TASK GOAL:
Only the line with "8 Photograph of" and the lines after it, through the end of the material, belong in the answer; repeat them exactly.

MATERIAL FOR THIS EXERCISE:
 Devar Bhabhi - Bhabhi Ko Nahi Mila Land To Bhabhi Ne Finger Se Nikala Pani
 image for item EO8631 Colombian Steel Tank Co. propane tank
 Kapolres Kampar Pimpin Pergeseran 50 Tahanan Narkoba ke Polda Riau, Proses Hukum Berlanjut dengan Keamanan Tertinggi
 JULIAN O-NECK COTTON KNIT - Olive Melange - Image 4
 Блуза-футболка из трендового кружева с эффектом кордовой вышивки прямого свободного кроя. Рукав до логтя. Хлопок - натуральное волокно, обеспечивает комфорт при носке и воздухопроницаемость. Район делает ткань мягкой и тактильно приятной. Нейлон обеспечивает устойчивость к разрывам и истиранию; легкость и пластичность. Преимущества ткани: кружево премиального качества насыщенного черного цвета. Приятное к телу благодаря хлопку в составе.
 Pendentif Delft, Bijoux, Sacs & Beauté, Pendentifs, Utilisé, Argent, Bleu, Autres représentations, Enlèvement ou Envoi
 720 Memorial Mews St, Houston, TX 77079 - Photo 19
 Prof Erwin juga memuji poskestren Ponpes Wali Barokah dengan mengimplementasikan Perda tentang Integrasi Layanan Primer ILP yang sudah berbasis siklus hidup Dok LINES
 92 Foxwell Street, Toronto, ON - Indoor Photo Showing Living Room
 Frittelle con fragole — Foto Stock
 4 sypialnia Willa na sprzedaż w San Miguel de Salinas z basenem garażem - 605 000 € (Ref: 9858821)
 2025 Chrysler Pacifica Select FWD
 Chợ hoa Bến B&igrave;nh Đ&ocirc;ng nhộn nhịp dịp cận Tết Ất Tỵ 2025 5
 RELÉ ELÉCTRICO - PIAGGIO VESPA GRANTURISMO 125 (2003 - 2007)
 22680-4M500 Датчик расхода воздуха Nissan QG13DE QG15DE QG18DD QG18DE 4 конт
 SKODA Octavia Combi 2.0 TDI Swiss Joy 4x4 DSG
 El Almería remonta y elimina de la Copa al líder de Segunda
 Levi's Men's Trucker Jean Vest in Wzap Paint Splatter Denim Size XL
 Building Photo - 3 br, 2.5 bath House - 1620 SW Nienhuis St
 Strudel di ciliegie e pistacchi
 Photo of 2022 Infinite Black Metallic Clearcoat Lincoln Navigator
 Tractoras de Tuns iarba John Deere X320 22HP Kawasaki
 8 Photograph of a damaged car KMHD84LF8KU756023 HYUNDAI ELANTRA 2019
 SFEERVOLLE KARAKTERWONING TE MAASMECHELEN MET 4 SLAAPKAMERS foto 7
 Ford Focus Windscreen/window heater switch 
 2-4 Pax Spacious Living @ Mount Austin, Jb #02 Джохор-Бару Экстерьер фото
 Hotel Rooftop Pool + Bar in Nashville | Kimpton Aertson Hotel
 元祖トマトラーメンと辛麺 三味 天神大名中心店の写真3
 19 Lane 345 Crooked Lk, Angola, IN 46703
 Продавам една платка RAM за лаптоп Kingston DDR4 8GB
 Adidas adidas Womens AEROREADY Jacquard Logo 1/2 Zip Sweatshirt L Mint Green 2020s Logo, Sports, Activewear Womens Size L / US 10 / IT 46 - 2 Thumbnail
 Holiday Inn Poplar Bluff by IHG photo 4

REPLY TO THE EXERCISE:
 8 Photograph of a damaged car KMHD84LF8KU756023 HYUNDAI ELANTRA 2019
 SFEERVOLLE KARAKTERWONING TE MAASMECHELEN MET 4 SLAAPKAMERS foto 7
 Ford Focus Windscreen/window heater switch 
 2-4 Pax Spacious Living @ Mount Austin, Jb #02 Джохор-Бару Экстерьер фото
 Hotel Rooftop Pool + Bar in Nashville | Kimpton Aertson Hotel
 元祖トマトラーメンと辛麺 三味 天神大名中心店の写真3
 19 Lane 345 Crooked Lk, Angola, IN 46703
 Продавам една платка RAM за лаптоп Kingston DDR4 8GB
 Adidas adidas Womens AEROREADY Jacquard Logo 1/2 Zip Sweatshirt L Mint Green 2020s Logo, Sports, Activewear Womens Size L / US 10 / IT 46 - 2 Thumbnail
 Holiday Inn Poplar Bluff by IHG photo 4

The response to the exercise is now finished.